NF-κB is considered a critical mediator in regulating inflammatory cytokines, hence, it was hypothesized that inhibition of the NF-κB pathway might decrease inflammatory responses. Based on this information, we elucidated the effect of GO therapy in IKB/NF-Κb. Besides, it has been shown that NF-κB serves a vital role in inflammation, thus, inhibition of this protein may reduce systemic inflammation (55). The results of the present study revealed that renal tissues of the model groups had higher levels of NF-κB p-65 and p-IKBα/IKBα content than the sham group, indicating that renal tissues of the I/R-induced rats had inflammatory status via activation of the inflammation-related signaling pathway. Treatment with GO markedly reduced the expression level of the NFκB protein. Importantly, the comparison of the two methods of GO administration showed similar effectiveness. Overall, GO showed potential as a reno-protective agent against I/R injury. These results are in agreement with other studies regarding the attenuation of oxidative stress and inflammation in I/R-induced rats through inhibition of NF-κB signaling (56, 57).
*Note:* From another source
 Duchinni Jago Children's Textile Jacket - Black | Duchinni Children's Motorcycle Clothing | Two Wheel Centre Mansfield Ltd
We then investigated whether the increased level of pro-inflammatory cytokines in I/R rats had an effect on metalloproteinase activation such as MMP-2 and MMP-9. Previous study has shown the activities of MMP-2 and MMP-9 in renal tissue of I/R injury and it has been proven that there is a direct correlation between the levels of these metalloproteinases and the severity of inflammation (58). Consistent with these observations, the findings of the present study showed higher levels of MMP-2 and MMP-9 in rats who underwent the ischemic-reperfusion procedure. However, GO administrations ameliorated the expression levels of MMP-2 and MMP9, manifesting the ability of GO therapy in down-regulation of MMP-2 and MMP-9. Although a variety of reasons have been proposed for underlying mechanisms, attenuation of inflammatory markers may be considered in I/Rtreated rats. Of note, comparison of the two methods of GO administration showed equality on the expression level of MMP-2/9.

Conclusion

Based on the present findings, it can be concluded that a single dose of GO administration may have a beneficial and reno-protective effect on renal I/R injury. These effects of GO are probably mediated through attenuating and interfering with a series of events, including inflammation and apoptosis pathways in renal tissues. Comparative analysis between gavage and IP administration of GO, exhibits almost similar effectiveness in alleviation of I/R injury, highlighting the potential of GO rather than administration routes.